* **Assignment**
Wherever pictures appear in the listing below, leave them out, and copy exactly, and only, everything from the line with "Un enfant écrivant" down to the line with "니코 탁상용 전기 팬히터 온풍기, WS-201FH, 주황색".

□ □ □ □ □

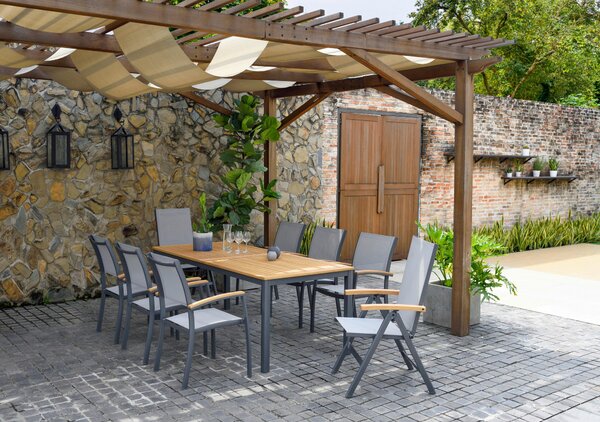 ZAHRADNÍ SKLÁDACÍ KŘESLO, dřevo, kov, textil Ambia Garden - Zahradní židle skládací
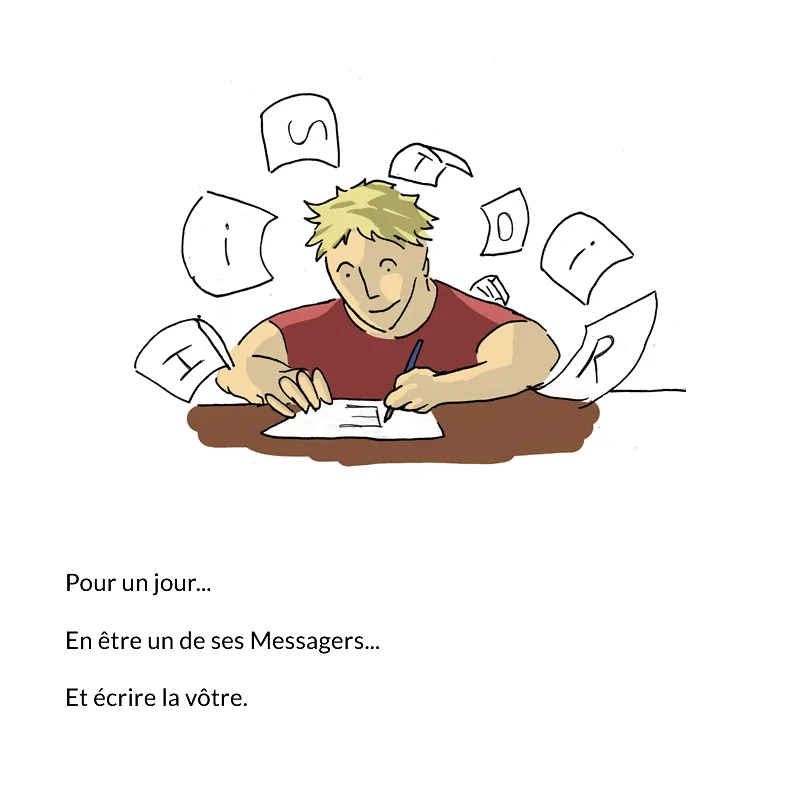 Un enfant écrivant à son bureau, les lettres du mot « Histoire » voletant autour de lui.
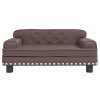 vidaXL Pat de câini, maro, 70x45x30 cm, piele ecologică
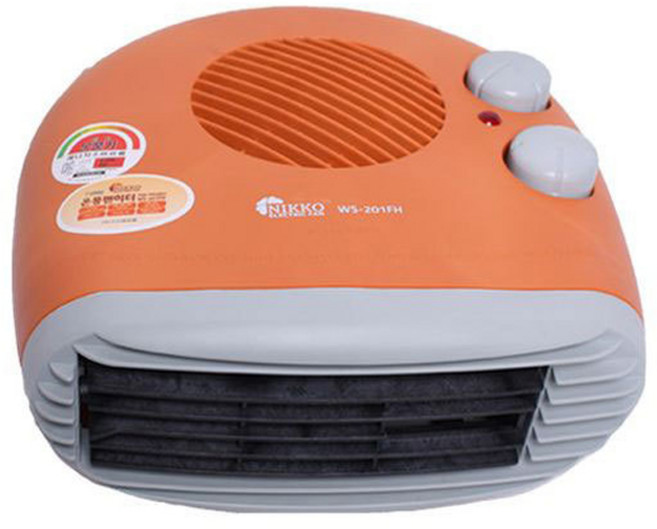 니코 탁상용 전기 팬히터 온풍기, WS-201FH, 주황색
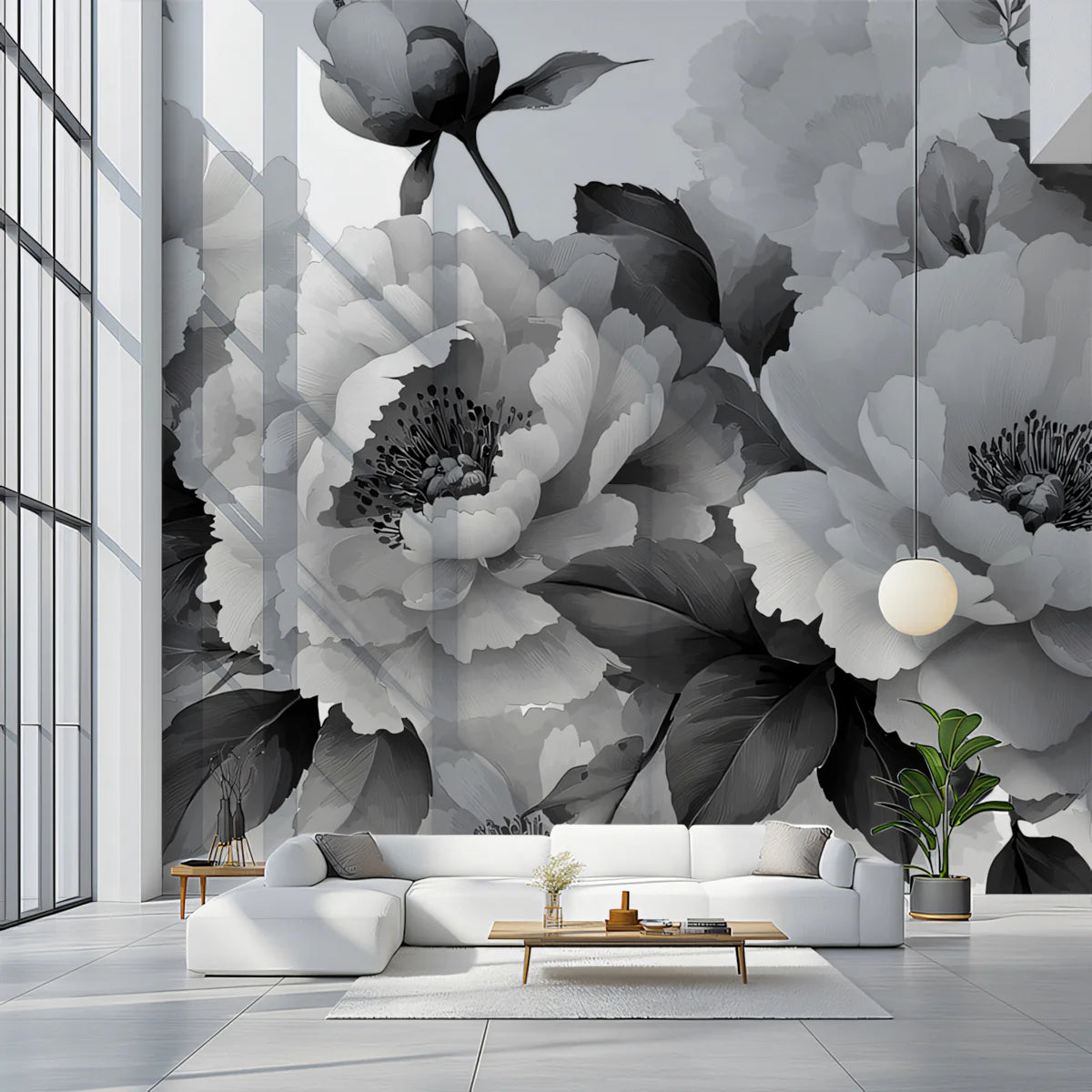 Monochrome Peony Bloom Mural Wallpaper — Artistic Floral Detail Mural Wallpaper - pure wallpaper artwork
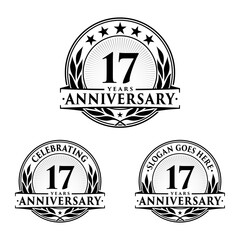 17 years anniversary collection logotype. Vector and illustration.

□ □ □ □ □

* **Reply to the task**
 Un enfant écrivant à son bureau, les lettres du mot « Histoire » voletant autour de lui.
 vidaXL Pat de câini, maro, 70x45x30 cm, piele ecologică
 니코 탁상용 전기 팬히터 온풍기, WS-201FH, 주황색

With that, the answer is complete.